On May 4, 1959, the National Academy of Recording Arts and Sciences (presently, Recording Academy) hosted the first GRAMMY Awards ceremony at simultaneous banquets held in Beverly Hills and New York. Celebrating recordings from 1958, the initial ceremony was not televised and was attended by industry insiders and select artists. Six months later, the 2nd Annual GRAMMY Awards were held once again in Los Angeles and New York, however, this time, the awards were televised and featured taped on “NBC Sunday Showcase.” Since its early years, the GRAMMY Awards have constantly evolved – from captivating live productions, to expanding categories, to touching tributes, the awards ceremony has been and continues to be the premiere celebration of musical excellence

Over the course of his 40-year career, Henry Mancini composed countless film scores and television themes, recorded over 90 albums across several musical styles, conducted 600 symphony performances, appeared at three command performances for the Royal Family, and wrote two books.

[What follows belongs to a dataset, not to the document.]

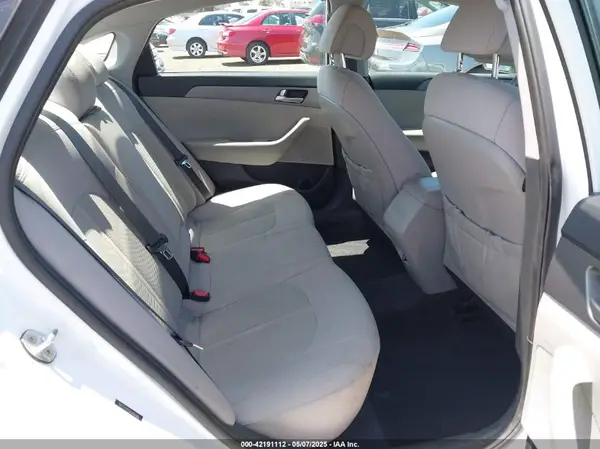 5NPE24AFXGH396493 2016 HYUNDAI SONATA - Image 8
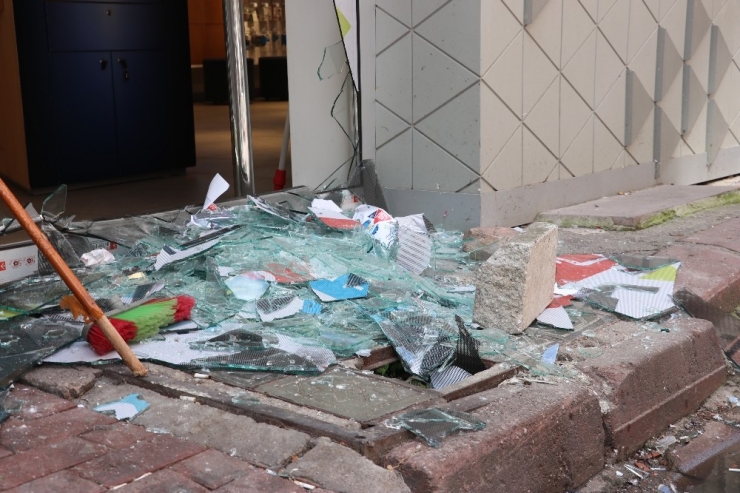 Kaldırım Taşı İle Camı Kırıp 1 Dakikada 80 Bin Tl’lik Telefon Ve Tablet Çaldılar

Mancini instantly became a part of GRAMMY history when he won the first GRAMMY for Album Of The Year in 1958. Throughout his lifetime, Mancini was nominated for 72 GRAMMY Awards and won 20, all of which are shown here. In 1995, the year after his death, Mancini was honored with a Recording Academy Lifetime Achievement Award at the 37th Annual GRAMMY Awards

John Billings, better known by his nickname, “the GRAMMY Man,” is the artist behind the making of music’s most prized award: the GRAMMY. Billings has been creating the GRAMMY Award by hand for the past 40 years after he took over for master crafter, Bob Graves. Each piece is handmade by Billings and his Ridgway, Colorado-based team. Each year Billings’ team receives a list of nominations, which they then use to create an estimate of how many awards will need to be produced. The awards, which are composed of three separate pieces, are all assembled separately and made from a special material — appropriately called GRAMMIUM — and finished with a coating of 24 karat gold. No matter the nominee or award category, every award is created the same, and takes approximately 15 hours to make.

Since the first GRAMMY Awards ceremony, the award has changed several times, but for the past 30 years, the design has stayed roughly the same.